Ukraine Generalstaatsanwalt Jurij Luzenko
Generalstaatsanwalt Jurij Luzenko: Will er wirklich zurücktreten?Bild: picture alliance/NurPhoto/D. Shamkin

Im ukrainischen Parlament führte der Fall Handsjuk am Dienstag zu einem Rücktrittsangebot des Generalstaatsanwalts Jurij Luzenko - allerdings nicht wegen schleppender Ermittlungen. Luzenko, ein enger Vertrauter des Präsidenten Petro Poroschenko, warf einigen Aktivisten vor, Ermittlungen durch Weitergabe von Details an die Presse zu behindern. Eine Probeabstimmung im Parlament zeigte keine Mehrheit für seine Ablösung als Generalstaatsanwalt. "Eine Theater-Vorstellung", nennt der Kiewer Journalist und DW-Gastkolumnist Serhij Rudenko Luzenkos Rücktrittsangebot. Nun hängt Luzenkos Schicksal von Poroschenko ab. Am Mittwoch wurde bekannt, dass der Generalstaatsanwalt beim Präsidenten sein Rücktrittsgesuch eingereicht hat.

Test vor Präsidentenwahl

Rudenko meint, dass der Fall Handsjuk zu einem Test für die gesamte ukrainische Regierung werden könnte, vor allem für die Sicherheitsbehörden. Denn es gehe um Dutzende Fälle, in denen proukrainische Aktivisten in verschieden Regionen der Ukraine brutal zusammengeschlagen, mit Messern verletzt oder angeschossen wurden. Manche wurden sogar getötet wie Anfang August Vitalij Oleschko in Berdjansk. "Die Polizei, der Inlandsgeheimdienst SBU und die Staatsanwaltschaft haben sich unfähig gezeigt, diese Taten schnell aufzuklären", sagt Rudenko. "Wäre Handsjuk nicht gestorben, würde sich weder der Präsident noch das Parlament an solche Fälle erinnern."
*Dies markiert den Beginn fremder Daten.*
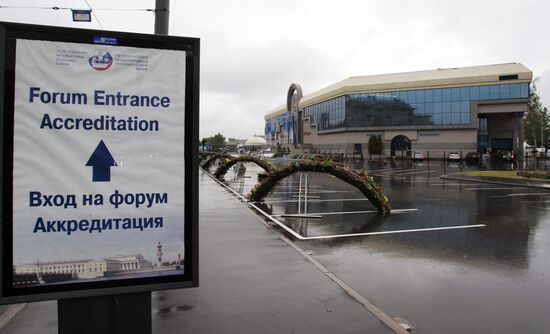 Preparations for an economic forum in St. Petersburg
Im Parlament wurde inzwischen ein Untersuchungsausschuss für den Fall Handsjuk gegründet. Ergebnisse werden allerdings frühestens Ende Januar erwartet. Damit dürften sie mitten im Wahlkampf für Aufregung sorgen: Im März finden in der Ukraine Präsidentschaftswahlen statt, und Poroschenko möchte wiedergewählt werden. Sein Abschneiden dürfte auch von den Ermittlungen im Fall Handsjuk abhängen.